**Goal of the exercise**
Print this span of the material below exactly: the line with "Gepflegte Split-Level-Wohnung mit", the line with "Used 2019 Freightliner", and every line between them, but nothing else.

─── Source data

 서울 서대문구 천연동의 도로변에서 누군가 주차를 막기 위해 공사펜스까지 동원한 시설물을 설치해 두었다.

──────
─── Source data

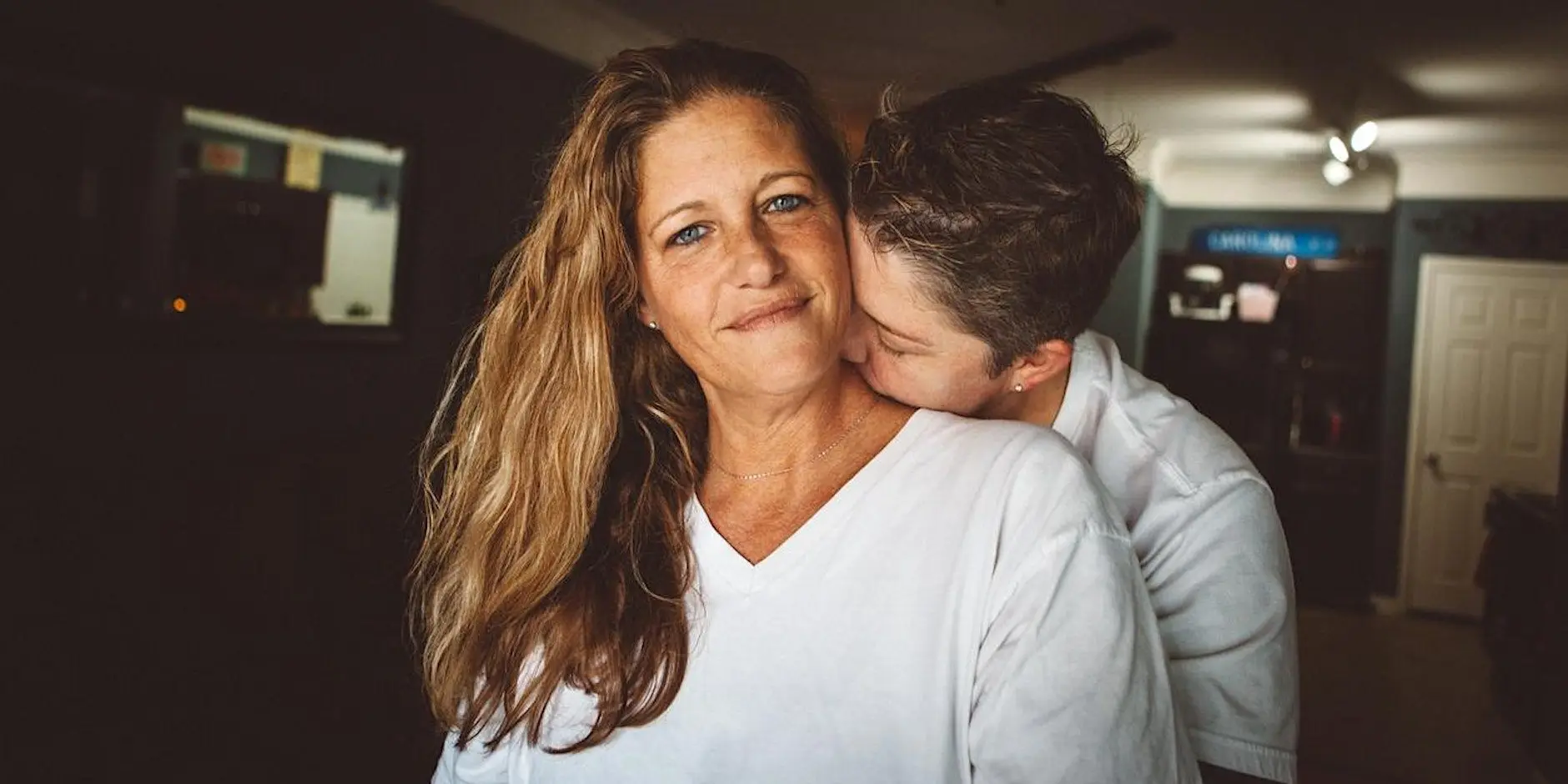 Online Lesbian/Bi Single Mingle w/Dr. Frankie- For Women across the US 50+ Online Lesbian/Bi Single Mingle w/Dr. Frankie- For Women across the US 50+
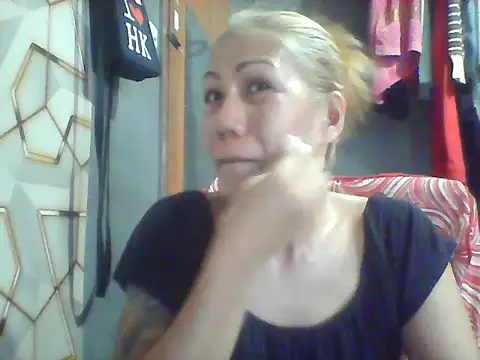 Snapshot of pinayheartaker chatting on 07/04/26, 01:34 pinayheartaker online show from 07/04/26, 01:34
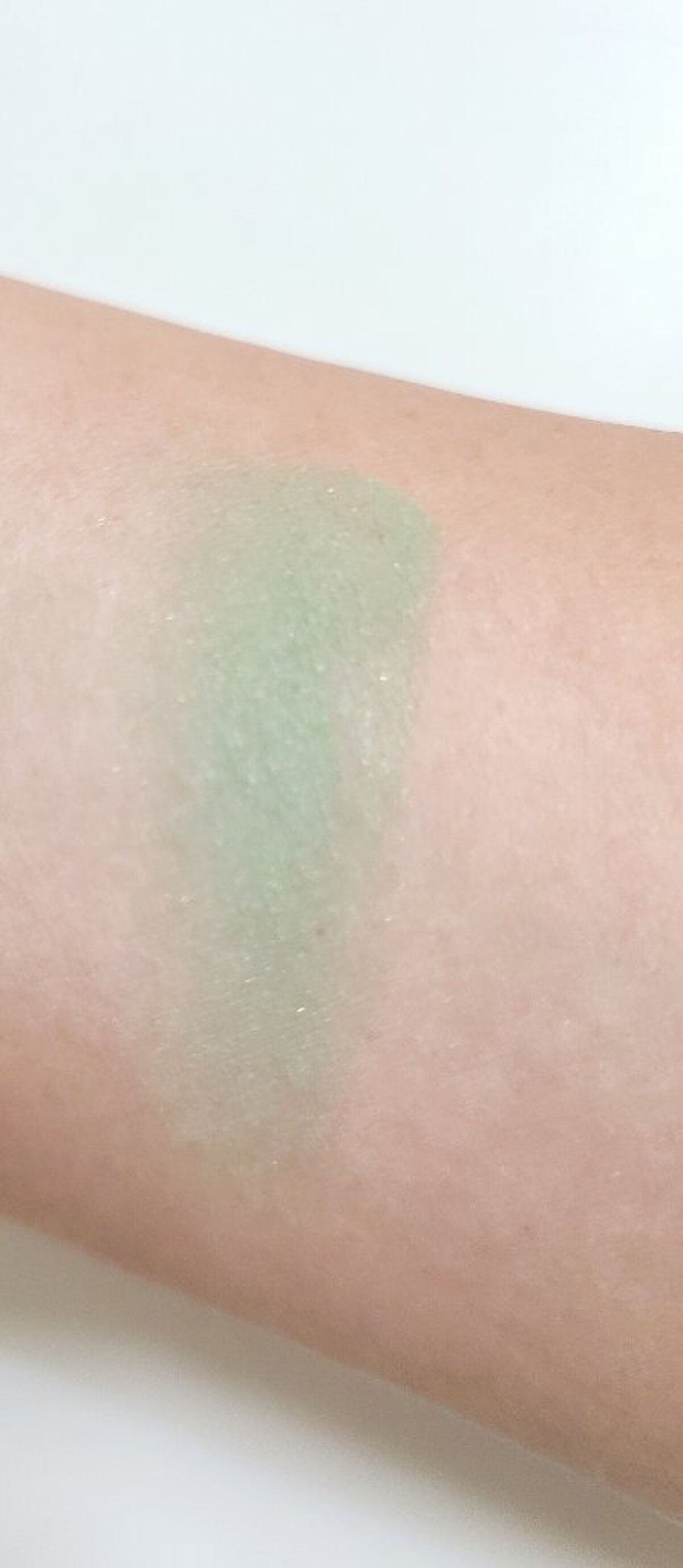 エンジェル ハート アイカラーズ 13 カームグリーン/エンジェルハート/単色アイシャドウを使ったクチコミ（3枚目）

──────
─── Source data

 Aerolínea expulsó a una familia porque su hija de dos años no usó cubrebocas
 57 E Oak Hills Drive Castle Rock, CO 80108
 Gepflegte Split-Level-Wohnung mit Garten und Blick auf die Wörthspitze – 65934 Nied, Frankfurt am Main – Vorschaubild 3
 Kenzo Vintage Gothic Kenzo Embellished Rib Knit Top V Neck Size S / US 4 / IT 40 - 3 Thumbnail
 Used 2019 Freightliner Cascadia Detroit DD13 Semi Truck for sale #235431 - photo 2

──────

**Exercise result**
 Gepflegte Split-Level-Wohnung mit Garten und Blick auf die Wörthspitze – 65934 Nied, Frankfurt am Main – Vorschaubild 3
 Kenzo Vintage Gothic Kenzo Embellished Rib Knit Top V Neck Size S / US 4 / IT 40 - 3 Thumbnail
 Used 2019 Freightliner Cascadia Detroit DD13 Semi Truck for sale #235431 - photo 2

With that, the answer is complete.